While talking about testing, I would like to take the opportunity to remind the House about the scale of testing. It was 2,000 people a day when the pandemic began in March, and when NHS Test and Trace began our capacity was over 128,000. The capacity is now over 340,000. We have processed over 25 million tests, and one in eight people in England have been tested for the virus. I am really keen that we understand the size of this challenge. We have built the largest diagnostic network in British history, including five major labs, 96 NHS labs and Public Health England labs, and we are expanding further. We have pilots going with some of our greatest universities.

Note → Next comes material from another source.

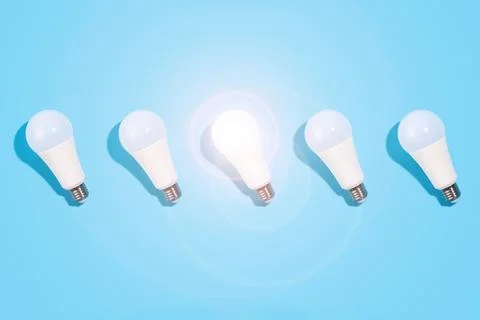 One bright LED light bulb stands out from the rest on a blue background Stock Photos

We are working with hospitals, with the addition of new Lighthouse laboratories in Charnwood, Newcastle and Bracknell, as well as new partnerships only last week with Birmingham University and Health Service Laboratories in London, so we are expanding.

Right at the start of NHS Test and Trace, we worked with all 152 local authorities to help them develop their local outbreak plans. We have ensured access to data, and when it was highlighted that there was a need for better data flow, we worked on it to provide them with additional support to respond to outbreaks, such as with enhanced testing. We have also published the covid-19 contain framework—the blueprint for how Test and Trace is working in partnership with local authorities, the NHS, local businesses, community partners and the wider public so that we can target outbreaks. We introduced new regulations to give local authorities additional powers when they ask for them to stop the transmission of the virus, giving them the ability to restrict local public gatherings and events, and the power to close local business premises and outdoor spaces if it is deemed necessary. This includes more support for local test and trace, more funding for local enforcement and the offer of the armed services in areas of very high alert.